The chime faded, but something else took its place—a whisper in the corner of my mind. A hum beneath the stillness. Words, unread, etched into the darkness behind my eyes.
[SYSTEM UPDATE]
New Job Acquired: Journalist (B-Rank)
Skills Gained:
Conflict Zone Reporting (Lv. 5) – Increases awareness, adaptability, and survival when covering stories in dangerous areas.
Investigative Instinct (Lv. 4) – Enhances ability to uncover hidden truths, patterns, and leads through sharp intuition and research.

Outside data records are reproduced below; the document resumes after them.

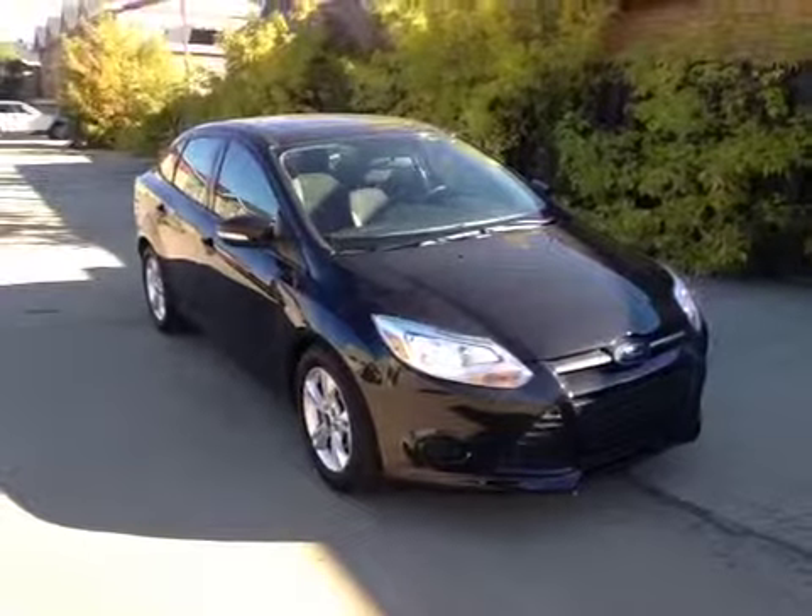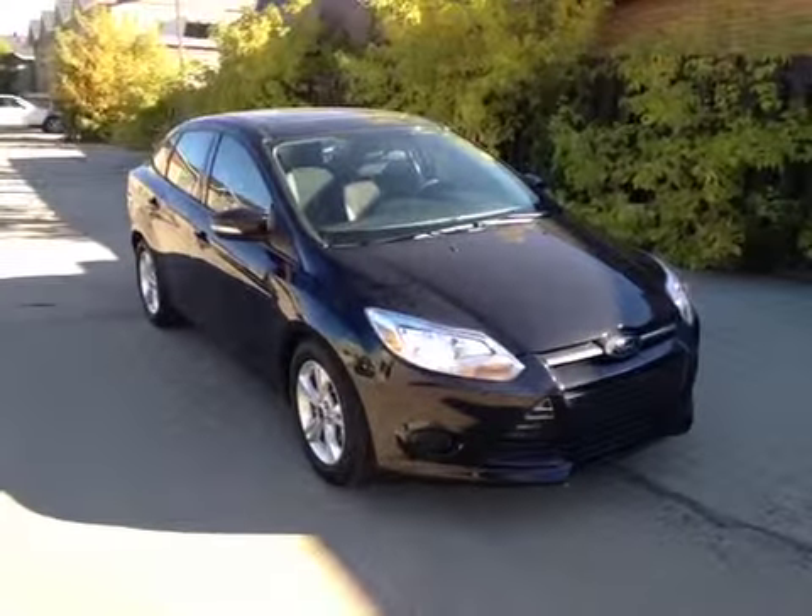Here in the back seat we have child seat anchor points, child lock latches in the door, curtain airbags, and rear defrost. Come down today and check out this fine example of the Ford Focus.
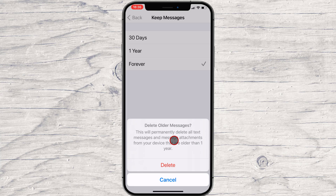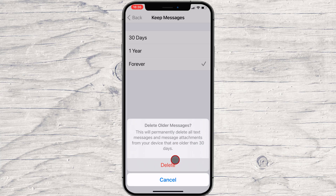Warning! After tapping Delete, your iPhone will automatically delete all the text messages older than 1 year or 30 days, whichever you chose. You will not be able to get them back. After that, exit Settings. From now on, Messages will automatically delete any messages once they hit the 30 day or 1 year mark, depending on which option you chose.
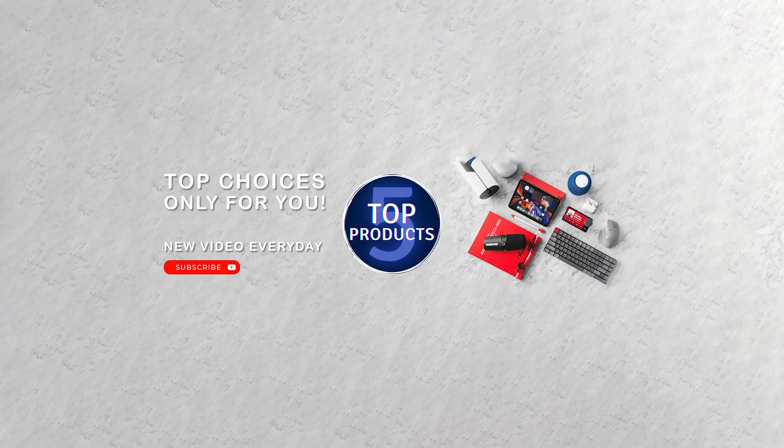That's all for now. Please leave a comment and let us know which product category you'd like to see the next video about. See you in the next one.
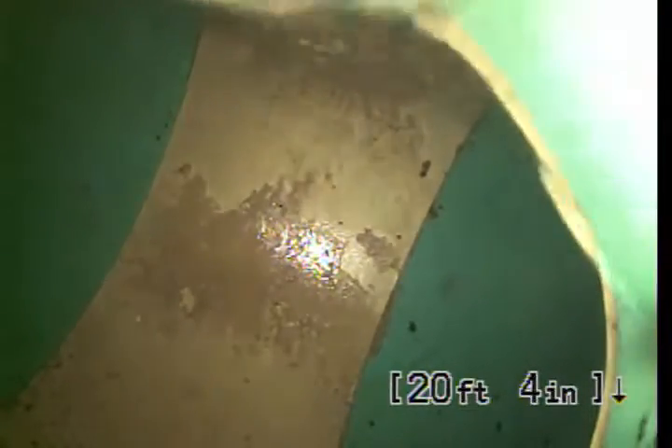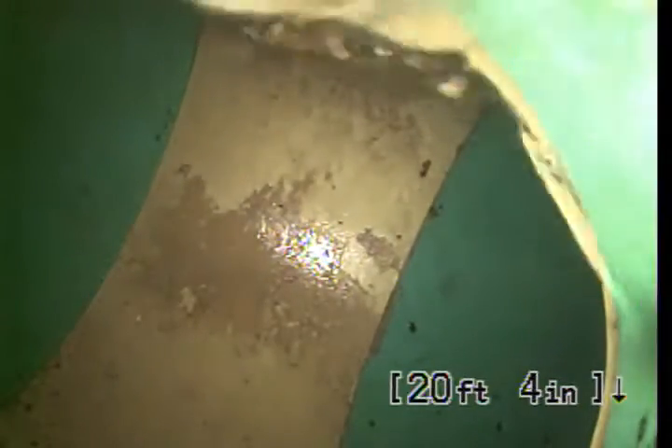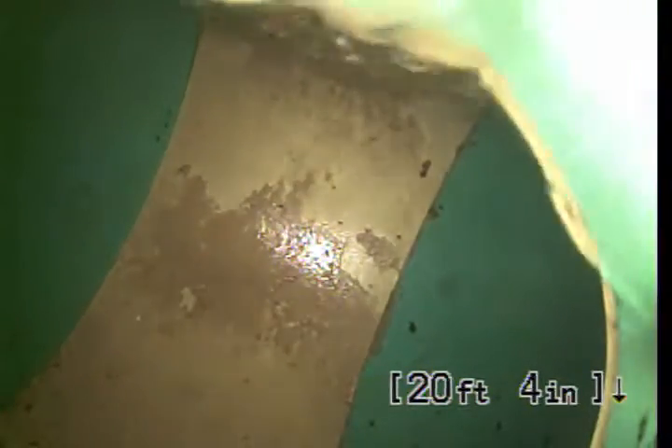We do have water running through the system — that's to test for any pooling or leaks. But as I have hit the main, I'm going to go ahead and turn off the water and allow time for the line to drain.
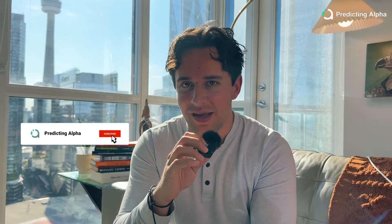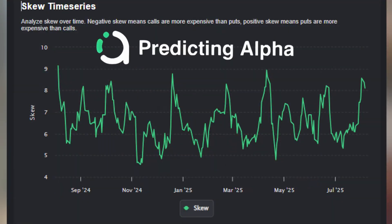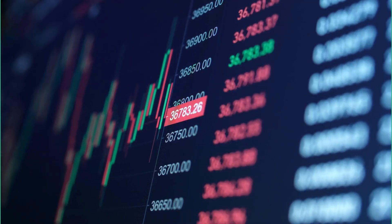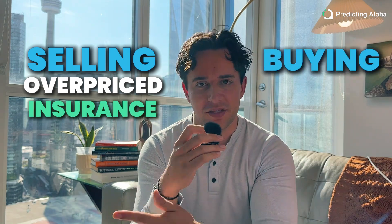That's almost always the case in indexes. SPY, for example, shows consistently steep skew, and there are a number of reasons for that. If you just take a look at a time series of skew, such as the one that you can see in the Predicting Alpha terminal, you can immediately see that there's always put skew on the S&P 500 — even during quiet markets, those out-of-the-money puts stay expensive. When implied volatility is higher for the options you sell versus the one you buy, that is when your risk-reward ratio tends to get pretty good. You're effectively selling the overpriced insurance and buying the cheaper insurance.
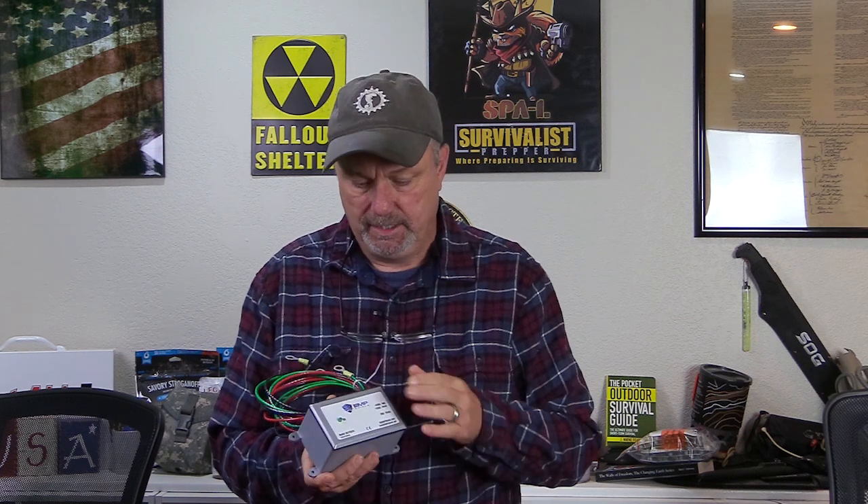Hey everyone, today I want to do a video on this EMP shield that I recently got my hands on. I've been hearing about these for a while and really wanted one. This one is for your vehicle. Instead of giving my opinions about it, I decided to talk to the guys who actually invented it, so I got on the phone with Andrew and recorded that phone call.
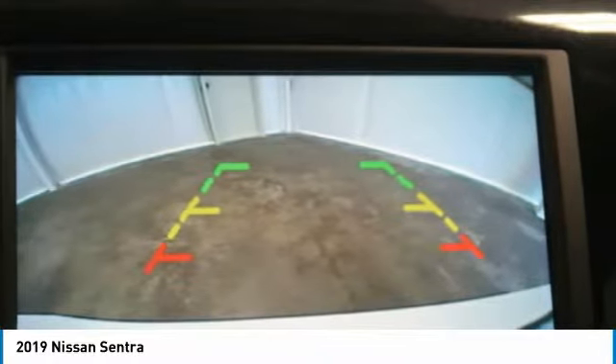If you like it online, you'll love it in your driveway. Take it for a spin today.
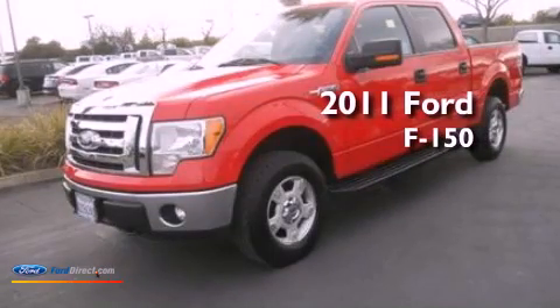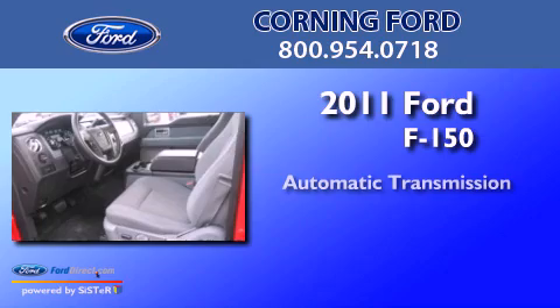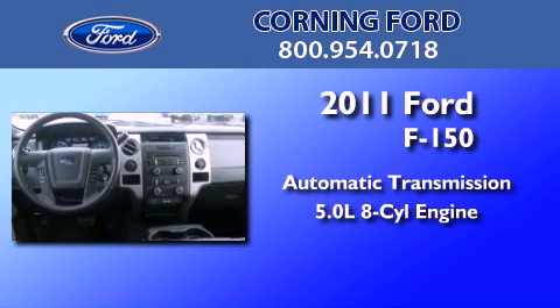This is a 2011 Ford F-150. This truck has an automatic transmission and a 5.0-liter V8.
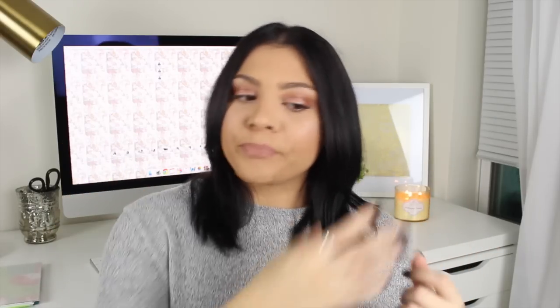The brand that makes this treatment actually has a channel with videos of stylists doing the treatment on different people with different hair types and textures. I'll have more information and links down in the description so you can see the application process for yourself. Basically, they apply the treatment to your hair the same way you apply color, leave it on for about 20 minutes, then blow dry your hair with the treatment still in it, and then flat iron it to seal it all in. Then they wash your hair and that's it.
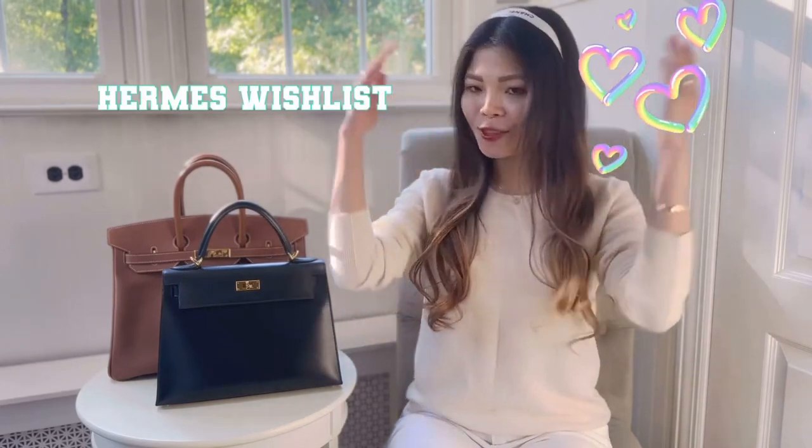Hi everyone, this is Cece, welcome back to my channel. Today I have a very fun topic — my wish list. What triggered me to do this video is that Christmas is around the corner. It's now November, and once you get to November, Christmas feels like it just comes quickly within a matter of like two weeks.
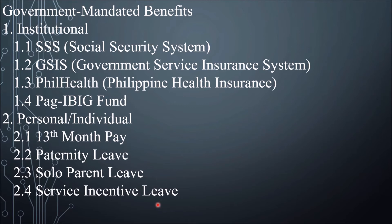Next, Service Incentive Leave: an employee who has worked for at least one year in a company is entitled to 5 days leave of absence with pay every year. If the employee doesn't avail of these paid leaves, the company may opt to have them do a mandatory leave of absence with pay, or convert these unavailed paid leaves to their cash equivalents, to be given at the end of each year.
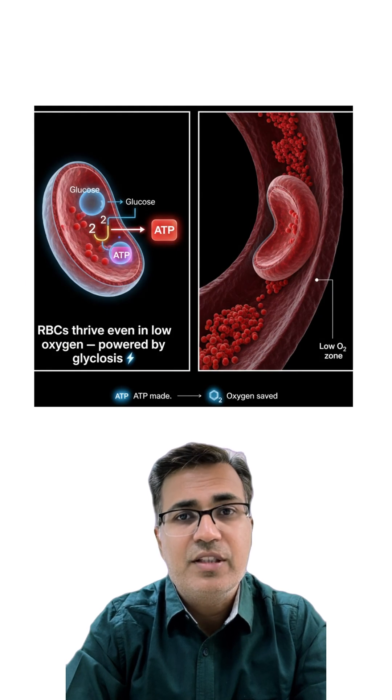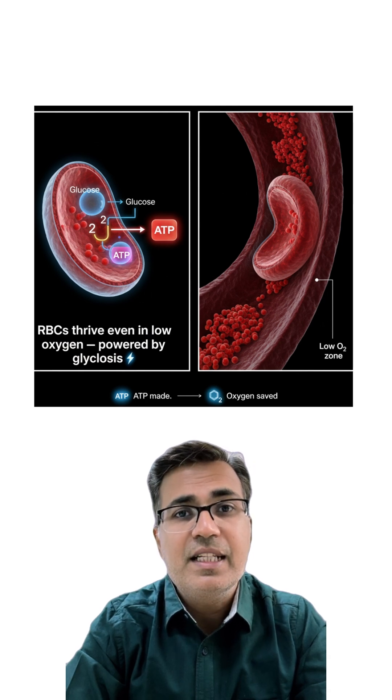Next is energy via glycolysis only. RBCs rely solely on anaerobic glycolysis for ATP production. This keeps them functional even in low oxygen environments — perfect for capillary circulation.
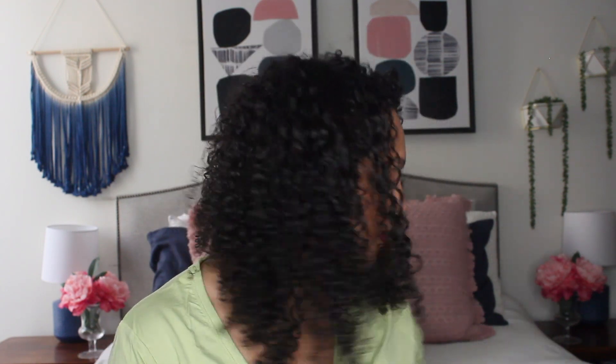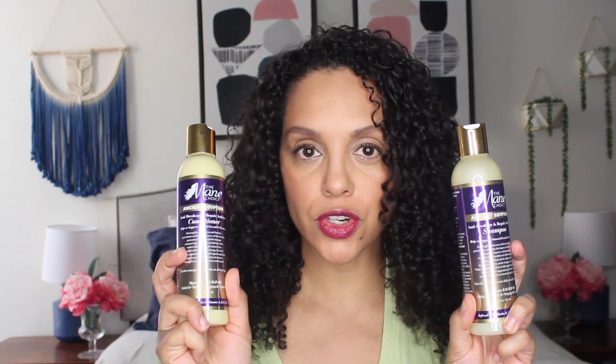All right, y'all. It's time for another product review. Today I'm going to be reviewing the Mane Choice Ancient Egyptian product line. I'm going to be using the shampoo, conditioner, the deep conditioner, and their split-end serum.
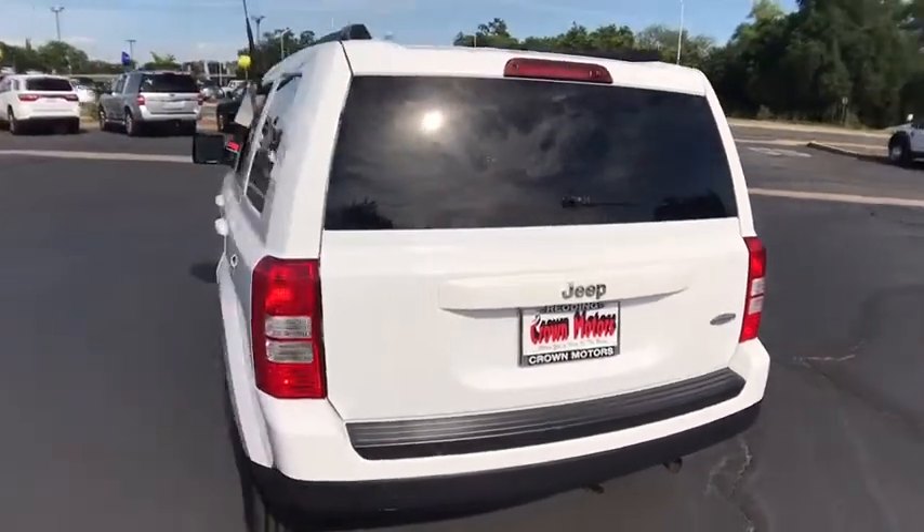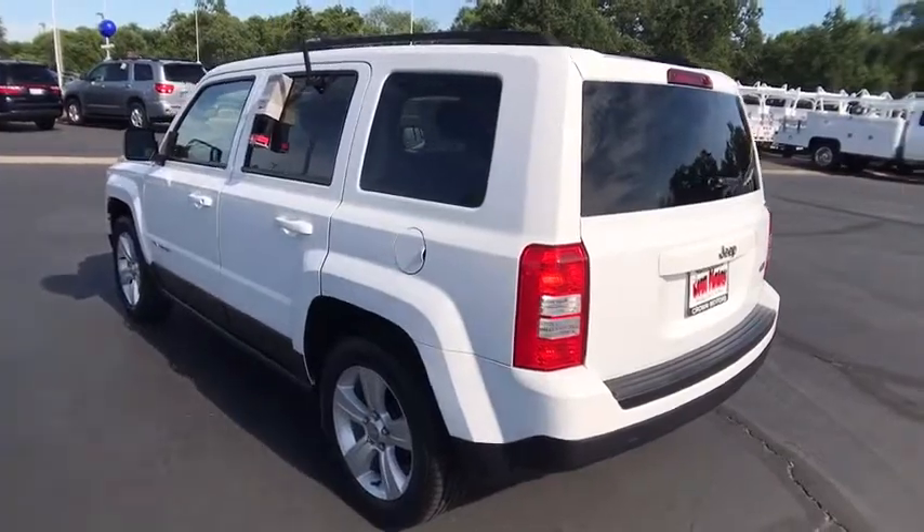This vehicle has less than 45,000 miles. Here are some of this vehicle's great options.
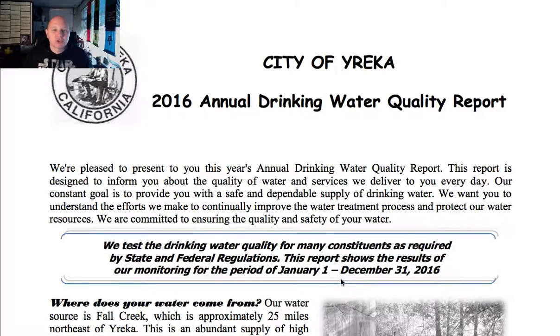Hello everybody, Sean Adams here with Disinfect Water. Today is part two of our series on Consumer Confidence Reports or Water Quality Reports. I just want to go over the anatomy of a water quality report. For that I'm going to use the city of Guayarica because it's an easy one to show.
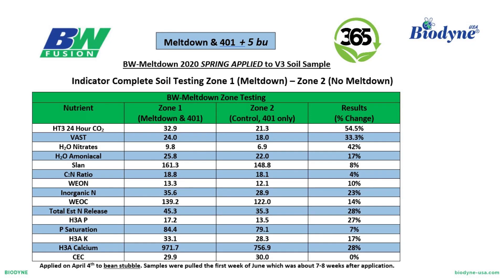One last trial to look at here — this is a Meltdown plus 401 trial from 2020. This was spring-applied Meltdown with V3 soil samples taken. The end result was plus five bushels at the end of the year — but this is over just the 401, not an untreated. So this is the addition of Meltdown to 401. What I think is really interesting is this chart showing most of the values from the indicator soil test. Zone one is Meltdown plus 401; zone two in the middle is the control, which was 401 only.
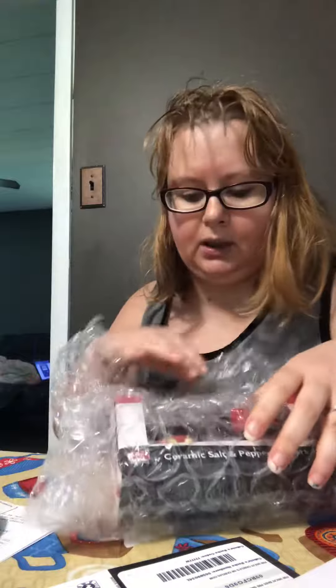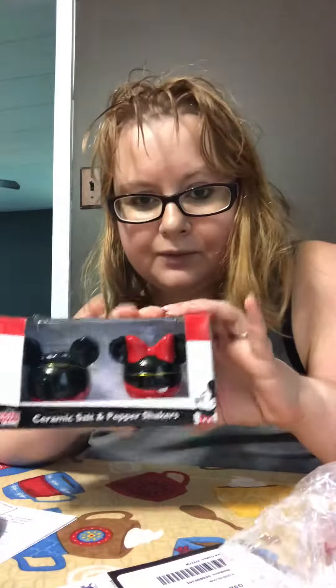So if you heard some of my ideas for my house, you'll know that I'm doing a Minnie Mouse kitchen — mainly black and red. I'm just going to accent with Minnie Mouse, but my salt and pepper shakers came today.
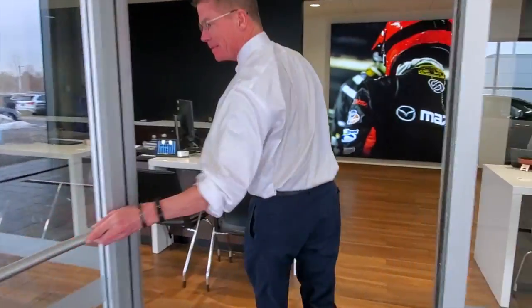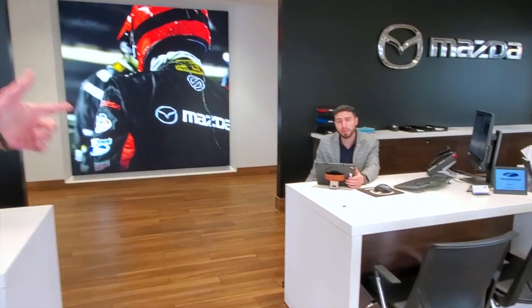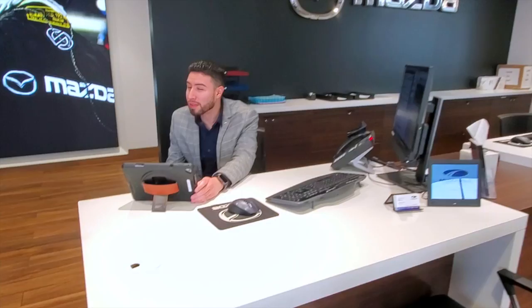Come on in. This is Eric. I wanted to introduce you to our awesome customers here. What can they expect when they come to McDonald Mazda South for service maintenance?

Rapid Note-Taking (Lv. 5) – Allows for accurate and efficient recording of events, quotes, and observations in real time.
Public Perception Management (Lv. 5) – Enhances skill in presenting stories to shape reader opinion and emotional response.
It lingered in front of me like an afterimage. The words burned bright, then dissolved like fog in morning light.
Journalist.
How poetic.
How cruel.
My stomach turned. A sickly numbness crept up my left arm.
I raised it.
It didn't move.
I tried again. My fingers barely responded, slow and uncertain, like they were submerged in ice. A cold pressure pulsed down my limb. Not pain, exactly. Worse. It was the memory of pain. My mind recoiling from a trauma it could still taste, even as my body swore I was whole.
"Ngh."
The grunt escaped me without meaning to. I shifted, trying to flex the fingers. They twitched. But the arm remained heavy, foreign.
Sienna stirred.
"Rey...?"
Then Camille.
"What's wrong? Did you have a dream?"
Alexis sat upright like a sprung trap. Her glasses hung crooked on her nose, but her eyes were razor-sharp.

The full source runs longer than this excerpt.